-- Given information follows --

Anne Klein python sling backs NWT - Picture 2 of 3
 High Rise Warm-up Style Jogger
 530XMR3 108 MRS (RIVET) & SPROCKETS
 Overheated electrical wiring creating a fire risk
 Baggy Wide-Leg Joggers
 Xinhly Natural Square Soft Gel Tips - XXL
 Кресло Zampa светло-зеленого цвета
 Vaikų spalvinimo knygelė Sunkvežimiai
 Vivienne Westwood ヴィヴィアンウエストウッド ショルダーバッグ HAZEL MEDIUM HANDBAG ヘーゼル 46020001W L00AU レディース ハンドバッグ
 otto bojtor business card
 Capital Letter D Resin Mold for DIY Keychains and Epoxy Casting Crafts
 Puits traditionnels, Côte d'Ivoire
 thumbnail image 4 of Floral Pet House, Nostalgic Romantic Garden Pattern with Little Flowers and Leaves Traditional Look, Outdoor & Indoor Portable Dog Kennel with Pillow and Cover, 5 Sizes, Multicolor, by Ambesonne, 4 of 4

-- Given information concluded --

What this task involves →
Having found the line with "Vaikų spalvinimo knygelė Sunkvežimiai", please set it down along with every line after it through the end of the material above, exactly and with nothing added.

Answer to this exercise →
 Vaikų spalvinimo knygelė Sunkvežimiai
 Vivienne Westwood ヴィヴィアンウエストウッド ショルダーバッグ HAZEL MEDIUM HANDBAG ヘーゼル 46020001W L00AU レディース ハンドバッグ
 otto bojtor business card
 Capital Letter D Resin Mold for DIY Keychains and Epoxy Casting Crafts
 Puits traditionnels, Côte d'Ivoire
 thumbnail image 4 of Floral Pet House, Nostalgic Romantic Garden Pattern with Little Flowers and Leaves Traditional Look, Outdoor & Indoor Portable Dog Kennel with Pillow and Cover, 5 Sizes, Multicolor, by Ambesonne, 4 of 4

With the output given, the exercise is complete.